„Wo möchtest du hin?“
Mareike zuckte mit den Schultern und grinste. „Ein hübscher Weg, auf dem uns möglichst wenig Menschen begegnen. Ich sollte Mike nachher so viel von der Gegend vorschwärmen können, dass er froh ist, dass er nicht mitkommen musste.“
Mit solchen Pfaden war Thomas vertraut. Er schlug er den direktesten Weg in Richtung seiner Hütte ein. Nicht, dass er damit rechnete, diese zu erreichen, doch bei Tageslicht kannte er jeden Grashalm an diesem Hang, sodass es ihm leichtfallen würde, Mareike dort ein paar schöne Dinge zu zeigen und sich trotzdem ganz auf ihr Gespräch zu konzentrieren.

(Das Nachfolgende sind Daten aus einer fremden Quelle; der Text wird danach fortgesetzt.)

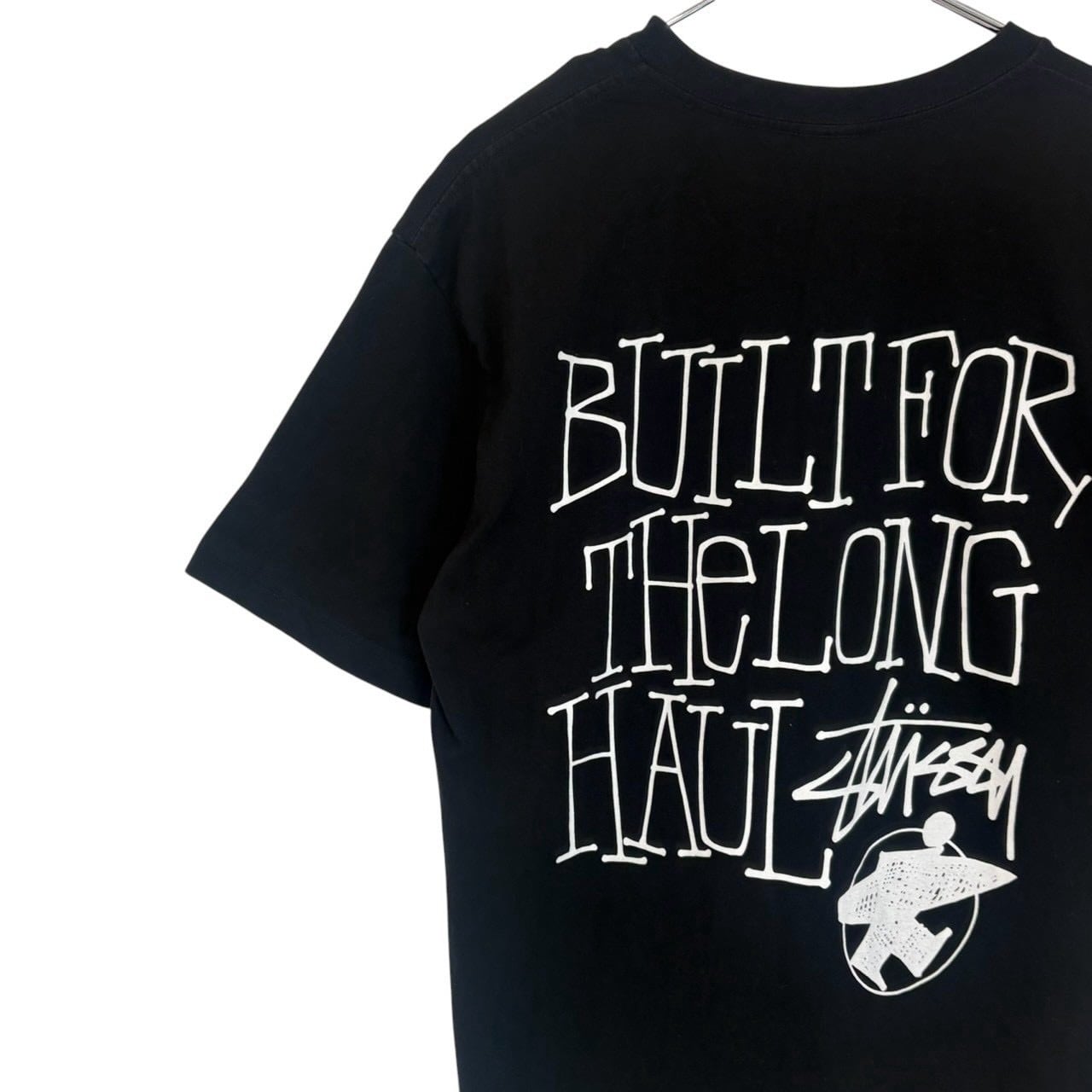 stussy ステューシー Tシャツ L バックロゴ プリントロゴ サーフマン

Sie hatten gerade die letzten Häuser hinter sich gelassen und folgten einem befestigten Feldweg durch teilweise gemähte, duftende Spätsommerwiesen. Noch hörte man die Autos auf den nahen Straßen deutlich, doch die Geräusche der Insekten begannen bereits, sie zu übertönen.

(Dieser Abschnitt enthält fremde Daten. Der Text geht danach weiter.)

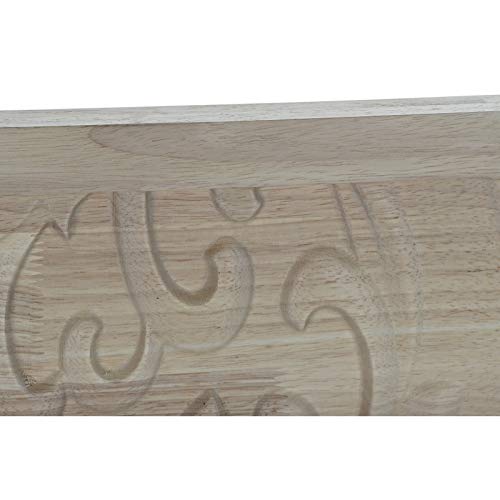 Cabecero de Madera Roble Cabezal de Cama 160x3x80 cm Natural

„Mir wurde ein Kinfolk-Crashkurs versprochen“, sagte Thomas erwartungsvoll. „Ich hätte grade Zeit dafür.“
Mareike schmunzelte. „Wo soll ich anfangen? Vielleicht dabei, was Kinfolk genau ist?“
„Menschen mit Werwolfgenen“, antwortete Thomas. „Das hat Jonathan mir schon erklärt. Oft die Kinder von Werwölfen oder anderem Kinfolk.“
Sie nickte erfreut. „Genau! Das ist gut, dann weißt du schon einiges. Kennst du auch unsere Rolle in der Werwolfgesellschaft?“
Thomas strahlte sie an.
„Was?“, fragte sie irritiert.
„Du hast ‚unsere Rolle‘ gesagt. Du glaubst, Jonathan hat recht“, stellte Thomas fest.
Mareike lächelte. „Ich wünsche es mir für euch. Und ich hoffe, wenn ich ganz fest dran glaube, wird es wahr.“
Für einen Augenblick war Thomas versucht, ihr zu erklären, dass er und Jonathan keineswegs ein Paar waren – doch dann ließ er es bleiben. Vielleicht hatte sie das gar nicht gemeint. Und es war im Moment auch vollkommen unerheblich. Er wollte die Zeit lieber effizient für seinen Crashkurs nutzen.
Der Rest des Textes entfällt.